Conti: A man who could move mountains.

by Jane Sims, February 1998

A memorial service for Sam Conti, the “gentle man who could move mountains” for the John Gordon Home, will be held Sunday. Conti, 46, executive director of the hospice for people living with AIDS and HIV-related illnesses, died Thursday night from complications that developed after elective surgery.

Close friend Betty Anne Thomas, executive director of the Regional HIV/AIDS Connection, remembered him as a mountain mover who was committed to making life better for AIDS patients.

“Sam saw what needed to be done and simply did it. Sam was not somebody who ever looked for accolades. He quietly and very effectively moved things forward,” she said.

She met Conti eight years ago when his partner was dying of AIDS. “Sammy has been very much a part of my life in many ways. He was a colleague of mine, a very dear, dear friend and someone I loved.”

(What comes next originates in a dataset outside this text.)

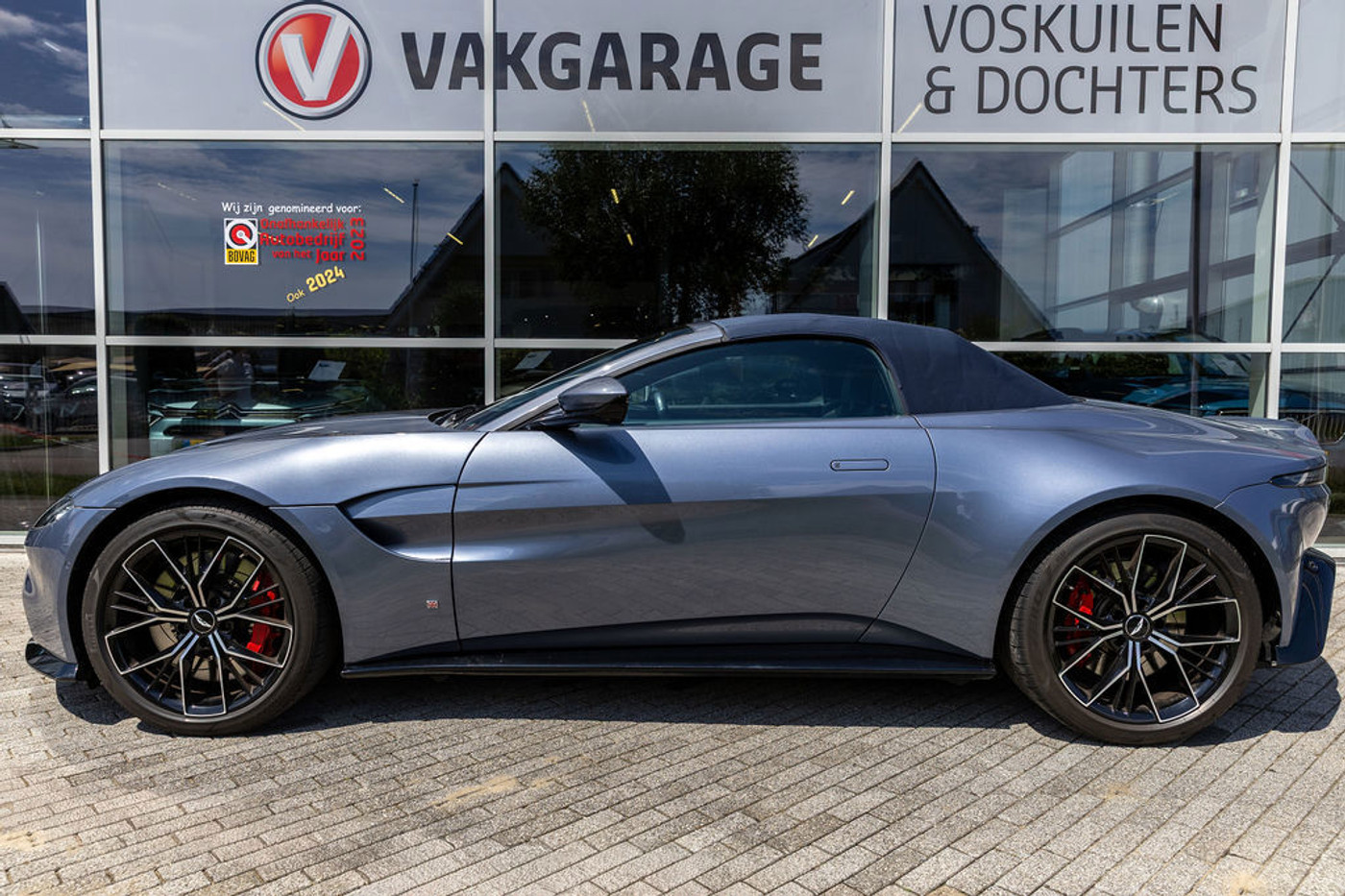 Foto van Aston Martin Vantage Roadster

The new John Gordon Home, which opened on Pall Mall Street last year, “would never have happened without his tenacity and his passion and his hard work.”

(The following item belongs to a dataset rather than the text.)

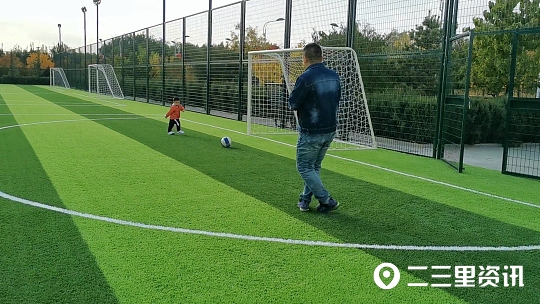 足球场施工工地,榆林沙河公园社会足球场6号场地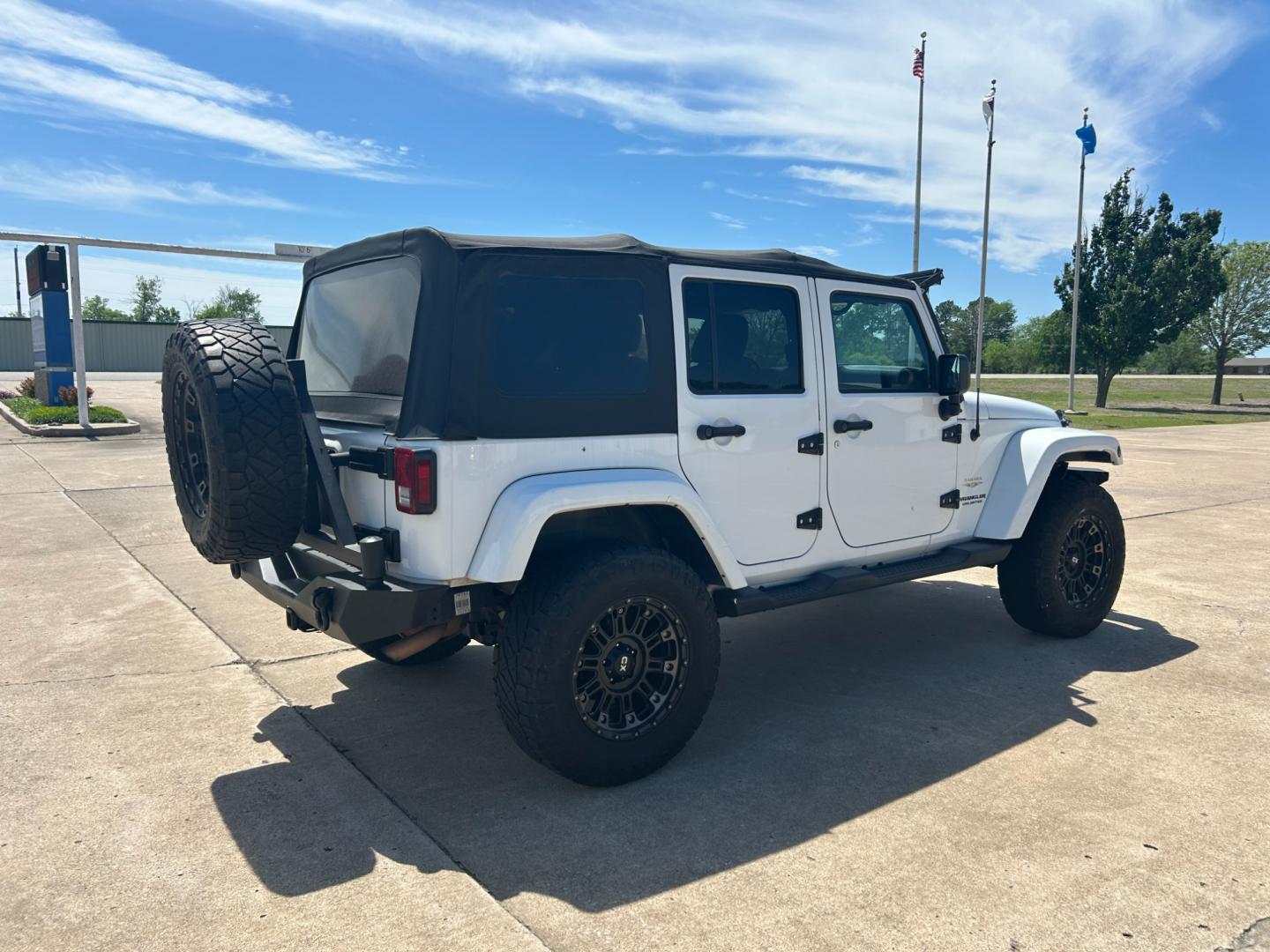 2013 White /BLACK Jeep Wrangler SAHARA (1C4BJWEG5DL) with an 3.6L V6 engine, AUTOMATIC transmission, located at 17760 Hwy 62, Morris, OK, 74445, (918) 733-4887, 35.609104, -95.877060 - Photo#4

Conti was one of the founding members of the John Gordon Home, starting as treasurer in 1993, then becoming executive director in 1994. He was also treasurer of the Ontario AIDS Network.

Conti was one of the keys to making the hospice the only facility in Canada specifically built for HIV and AIDS patients, a national model. He was a leader in convincing the Health Ministry to pay for 24-hour staffing at the home in October 1994. Until then, it had been served mostly by volunteer workers.

He also convinced Queen’s Park to provide money to build the new home.

Last year, it was his idea to approach Orchestra London to stage Interiors at the new facility before it opened.

Just last month, he was at a meeting of city council’s community and protective services committee to lobby for funding for a healing garden for the John Gordon Home, complete with therapeutic and meeting rooms. He got the money from the city and the Ivy Foundation. “He was the epitome of what I think everyone would strive to be. His integrity, his gentleness, his passion and compassion are hallmarks of who Sam was,” Thomas said.

Thomas said Conti’s death “is a tremendous loss to the AIDS movement in London and provincially.”

George Jansen, chairperson of the John Gordon Home board of directors, said Conti’s commitment to the cause made him “someone you couldn’t say no to. He had a vision, he had charisma, he had charm,” he said. “Rarely did people say no to him.”

The memorial service is planned for Dufferin Hall, 445 Dufferin Ave., at 1 p.m. Funeral arrangements are private.